[EXERCISE DATA Boundary: Start]

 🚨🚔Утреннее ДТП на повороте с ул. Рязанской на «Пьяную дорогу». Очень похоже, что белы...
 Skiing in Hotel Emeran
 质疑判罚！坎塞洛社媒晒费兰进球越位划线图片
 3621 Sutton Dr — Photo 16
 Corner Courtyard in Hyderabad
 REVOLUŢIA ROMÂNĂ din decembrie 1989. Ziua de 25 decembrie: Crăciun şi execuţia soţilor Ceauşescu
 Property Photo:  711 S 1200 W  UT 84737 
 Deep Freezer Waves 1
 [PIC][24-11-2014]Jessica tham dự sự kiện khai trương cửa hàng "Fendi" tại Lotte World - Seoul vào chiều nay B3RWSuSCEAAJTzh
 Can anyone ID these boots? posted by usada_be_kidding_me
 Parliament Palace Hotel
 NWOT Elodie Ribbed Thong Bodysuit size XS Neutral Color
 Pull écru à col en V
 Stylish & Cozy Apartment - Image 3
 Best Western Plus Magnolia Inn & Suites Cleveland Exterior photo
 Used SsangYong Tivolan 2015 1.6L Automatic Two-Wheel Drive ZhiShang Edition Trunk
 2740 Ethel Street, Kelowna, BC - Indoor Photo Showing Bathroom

[EXERCISE DATA Boundary: End]

▸ **WORK REQUEST**: Write out the records exactly, starting at the first line and stopping after the line that contains "Stylish & Cozy Apartment - Image 3".

▸ **EXERCISE SOLUTION**:
 🚨🚔Утреннее ДТП на повороте с ул. Рязанской на «Пьяную дорогу». Очень похоже, что белы...
 Skiing in Hotel Emeran
 质疑判罚！坎塞洛社媒晒费兰进球越位划线图片
 3621 Sutton Dr — Photo 16
 Corner Courtyard in Hyderabad
 REVOLUŢIA ROMÂNĂ din decembrie 1989. Ziua de 25 decembrie: Crăciun şi execuţia soţilor Ceauşescu
 Property Photo:  711 S 1200 W  UT 84737 
 Deep Freezer Waves 1
 [PIC][24-11-2014]Jessica tham dự sự kiện khai trương cửa hàng "Fendi" tại Lotte World - Seoul vào chiều nay B3RWSuSCEAAJTzh
 Can anyone ID these boots? posted by usada_be_kidding_me
 Parliament Palace Hotel
 NWOT Elodie Ribbed Thong Bodysuit size XS Neutral Color
 Pull écru à col en V
 Stylish & Cozy Apartment - Image 3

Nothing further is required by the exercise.